Anyone with more than a passing familiarity with baseball knows that there’s at least one important rule difference between the American League and the National League: in the AL, the pitcher never bats, and is instead represented by the Designated Hitter, a player who never takes the field. Interestingly, the rule that governs this is 6.10, which begins by stating “Any League may elect to use the Designated Hitter Rule.” Apparently the NL has simply elected not to use it. More interestingly, there are a few minor official rules that specifically apply to only NL or AL teams:

  • 1.16(b) - All NL players have to wear a double ear-flap helmet while at bat. According to 1.16(c), almost all other players are simply required to wear one with at least one ear flap. (Aside: Rule 1.16(c) actually grandfathers in players who chose in 1982 to not wear a helmet with ear flaps. Tim Raines was the last player to wear a helmet without ear flaps. He retired after the 2002 season. Julio Franco is the only still-active player who would qualify under this rule. Unfortunately, he chose to wear one-flap helmets, even before they were required.)

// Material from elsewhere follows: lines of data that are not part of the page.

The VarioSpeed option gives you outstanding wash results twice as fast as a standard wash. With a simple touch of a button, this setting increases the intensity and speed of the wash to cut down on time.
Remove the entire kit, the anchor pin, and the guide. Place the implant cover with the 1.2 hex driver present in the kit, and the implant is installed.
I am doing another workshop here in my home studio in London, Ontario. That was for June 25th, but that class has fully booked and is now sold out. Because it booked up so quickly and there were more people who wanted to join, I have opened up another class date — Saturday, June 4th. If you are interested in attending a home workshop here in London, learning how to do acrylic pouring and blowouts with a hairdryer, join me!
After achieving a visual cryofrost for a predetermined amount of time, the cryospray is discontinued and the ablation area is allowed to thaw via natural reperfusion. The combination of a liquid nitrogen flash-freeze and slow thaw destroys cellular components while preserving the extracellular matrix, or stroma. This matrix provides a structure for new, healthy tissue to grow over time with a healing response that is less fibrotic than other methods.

  • 4.10(a) - The National League can adopt a rule changing one or both double-header games to be seven innings long. The AL does not have that right. As far as I know, such a rule has never been adopted.
  • 4.12(a)(7), 4.12(a)(8), and 4.12(a)(9) - The NL can adopt a rule making games that have been stopped before regulation (for instance, because of rain) a "suspended game" instead of "no game".

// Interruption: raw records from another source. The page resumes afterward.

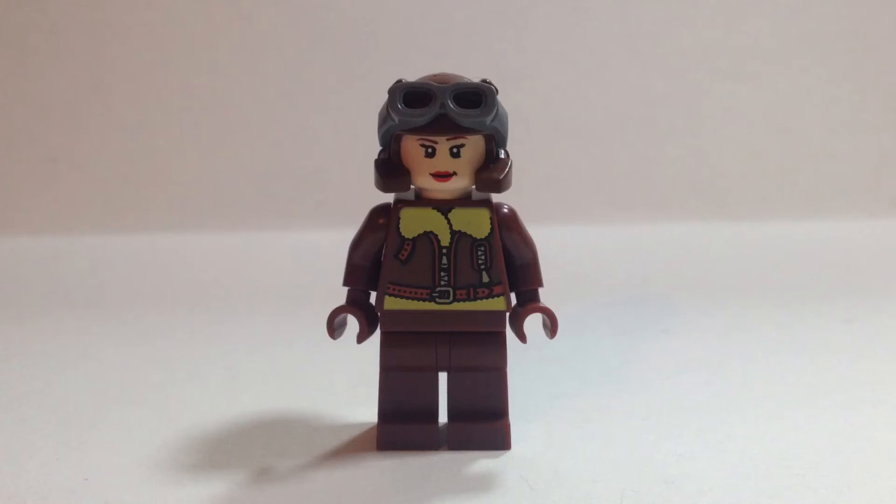Now on to the minifig. Cloud9 is from Marvel, and here's how she is made: she has dark gray goggle pieces, a dark brown pilot helmet of some kind, and a Batgirl piece from DC Comics. The series three adventure minifigure torso with brown hands.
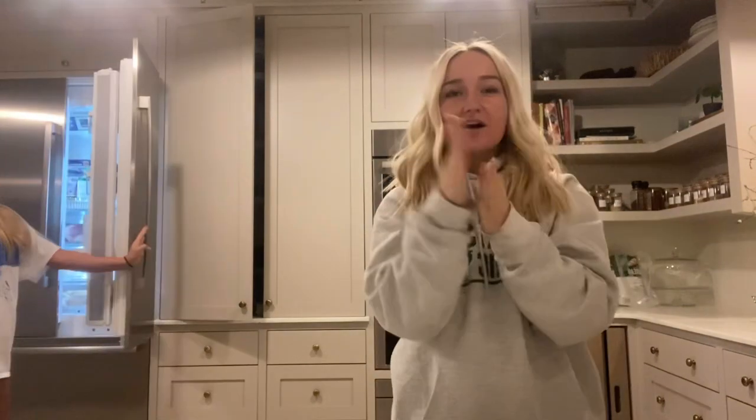Hey guys, welcome back to Wifey Vlogs. We are here today and let's take a look at what we're making. We are about to do our new series called Chat Grub, so first we're gonna cook — the first step of the series is cooking the grub.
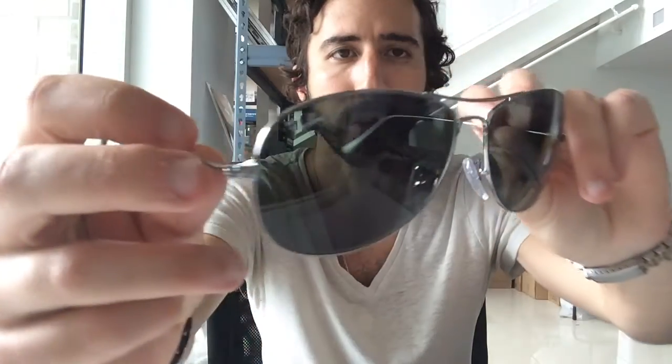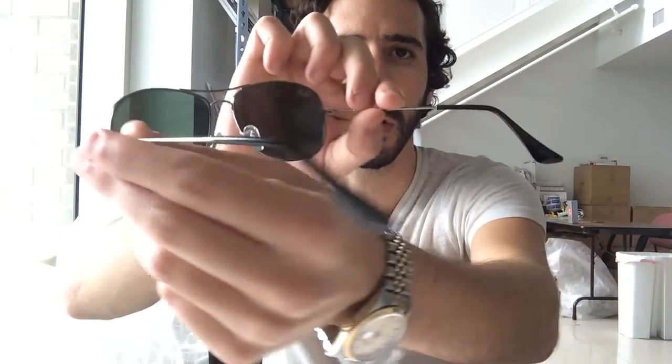These actually come in two different sizes — the 59mm, which I am showing you now, and 56mm, which is a bit of a smaller size.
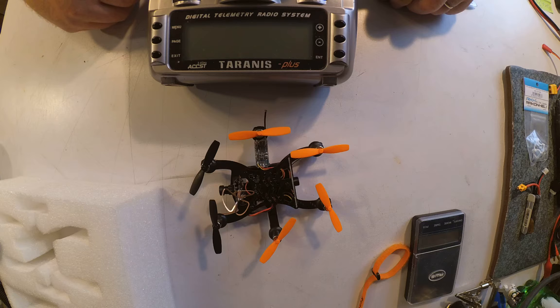I requested the Bind and Fly EX120 for FrSky. This means it comes with a FrSky-compatible aftermarket receiver based on Medelic's work in the RC Groups forums.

  • 6.02(d) - The NL had to follow this experimental rule in 2006, essentially saying that the batter could not leave the batter's box unless either team was making a substitution or calling a conference. I have no idea if they're planning to make it permanent.
  • 10.23(b) - In the AL, the league pitching champion must have pitched at least as many innings as the number of games each team played that season (162 this year). In the NL, the champion only needed to have pitched 80% that many innings (129.6). As far as I can tell, this rule rarely, if ever, actually matters. The top pitchers in both leagues usually pitch at least 190 innings a year.